To assess the correlation between water contamination by the eleven pesticides and the consolidated number of documented cancer cases in the municipalities included, data related to the ten most incident neoplasms in this population were collected (breast, prostate, colon, and rectum; lung, trachea, and bronchi; uterine cervix; stomach; thyroid; oral cavity—lip, tongue, gum, and floor of mouth; esophagus; and bladder) and were available in the database Information from the Hospital Cancer Registry (IRHC)—Hospital Tabulator, State Database of Paraná, from the National Cancer Institute (INCA) [38], corresponding to the same period as the SISÁGUA report [23]. The mentioned primary locations were chosen for having the highest prevalence nationwide. The mortality values for the selected neoplasms were taken from the Cancer Mortality Atlas, from INCA [39], for each primary location and mentioned city in the same period.

Finally, using GraphPad Prism software 9.0, the Spearman correlations between drinking water contamination and the incidence of neoplasms and mortality were analyzed. Also, the estimated cancer cases attributable to drinking water contamination and the consolidated cancer incidence provided by the INCA for the same period were correlated considering a p < 0.05 as significant.

3. Results

Table 2 shows the mean pesticide contamination levels in the water for each of the nine municipalities included in Paraná state southwest. Residues of the persistent organic pollutants (POPs) aldrin-diheldrin (average 0.006 parts per billion—ppb), chlordane (average 1.67 ppb), dichlorodiphenyltrichloroethane-dichlorodiphenyldichloroethylene-dichlorodi-phenyldichloroethane (DDT-DDD-DDE) (average 0.035 ppb), and lindane (average 20.03 ppb) were found in all the mentioned localities. Aldrin-dieldrin in municipality 6 (0.03 ppb) is on the Brazilian maximum allowed limit (0.03 ppb) and it should not be found in the European Union’s (EU) drinking water. Chlordane has a maximum allowed limit of 0.2 ppb in Brazil and 0.01 ppb in the EU, above both in municipalities 6 (0.05) and 7 (15 ppb). DDT-DDD-DDE was not over the Brazilian limit (1 ppb) in any locality but was above the EU limit (0.01 ppb) in municipality 6 (0.05 ppb). Lindane, a proven carcinogen, presented significantly over the EU limit (0.1 ppb) in municipality 6 (0.3 ppb). The other municipalities showed values below both the Brazilian and EU limits, demonstrating the persistence of these substances in the environment for a long time and their possible extensive use in the past.
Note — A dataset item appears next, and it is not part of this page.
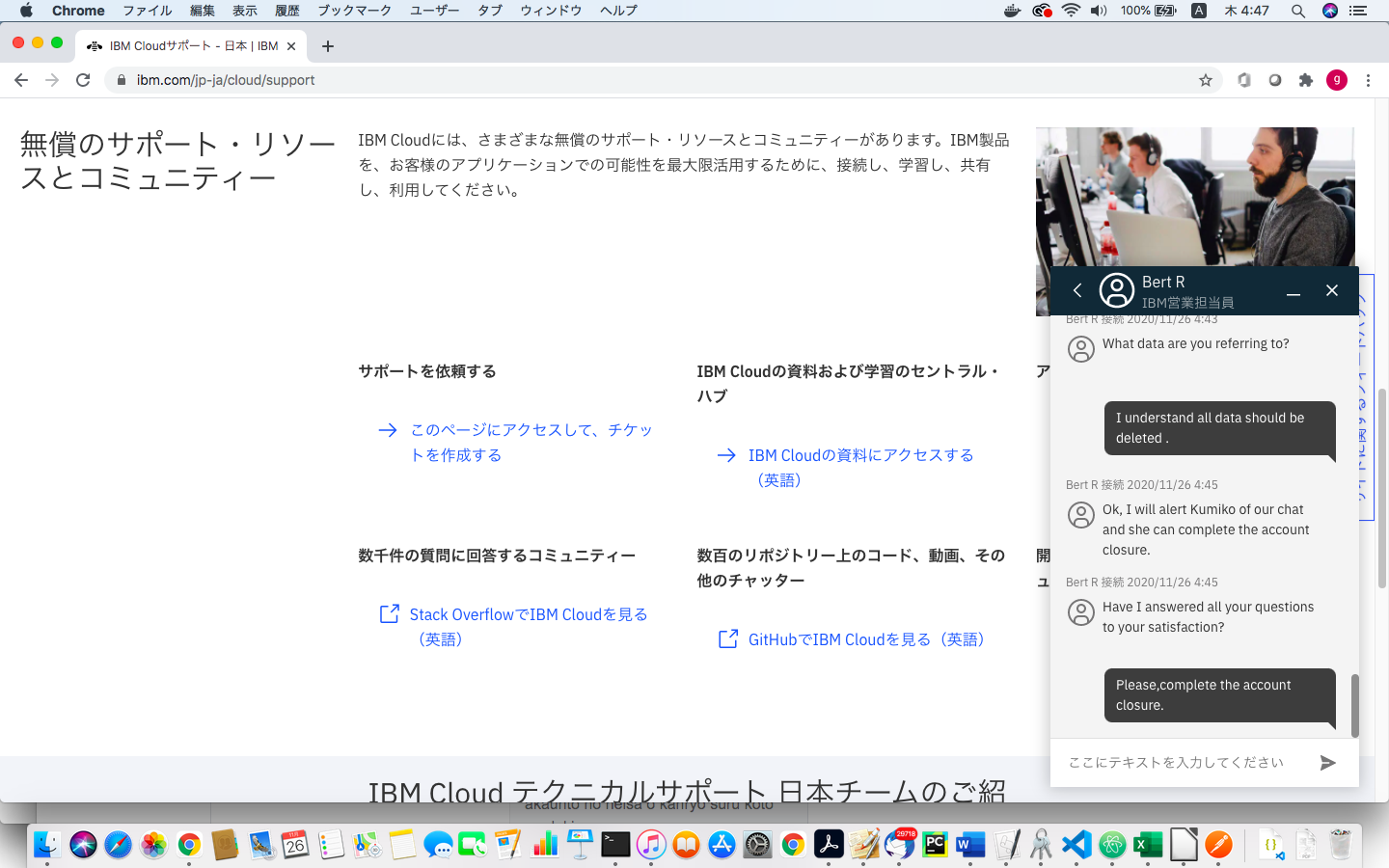 スクリーンショット 2020-11-26 4.47.50.png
Regarding the pesticides currently permitted in the country, alachlor (20 ppb), atrazine (2 ppb), glyphosate-aminomethylphosphonic acid (AMPA) (500 ppb), molinate (6 ppb), and trifluralin (20 ppb) were below the Brazilian limit in the analyzed municipalities. Above the European limit, alachlor (0.1 ppb) was present in municipalities 1, 2, 3, 5, 7, and 9 (0.2 ppb each) as well as in municipality 6 (0.3 ppb). Atrazine (0.1 ppb) was above the EU limit in municipalities 2 (0.198 ppb) and 6 (1 ppb). Glyphosate-AMPA (0.1 ppb) showed a value above in all the municipalities with a minimum of 45 ppb and a maximum of 200 ppb. Molinate and trifluralin are prohibited in European drinking water, so they were above the limit in all the municipalities. Borderline concentrations to the Brazilian allowed limits were evidenced for diuron (90 ppb) and mancozeb-ethylene thiourea (ETU) (180 ppb) in municipalities 1, 2, 3, 5, 7, and 9. Municipality 6 showed an elevation only concerning the EU limit (0.1 ppb for both), with values of 10 and 100 ppb, respectively.

Regarding the benchmark cancer risk assigned to each substance, for example, glyphosate-AMPA had the lowest estimated risk by the previously mentioned equation, at a value of 56.45. It has a probable carcinogenic potential, mainly related to the occurrence of lymphomas, while aldrin-diheldrin had the highest index and is linked to breast and liver cancer (Table 2).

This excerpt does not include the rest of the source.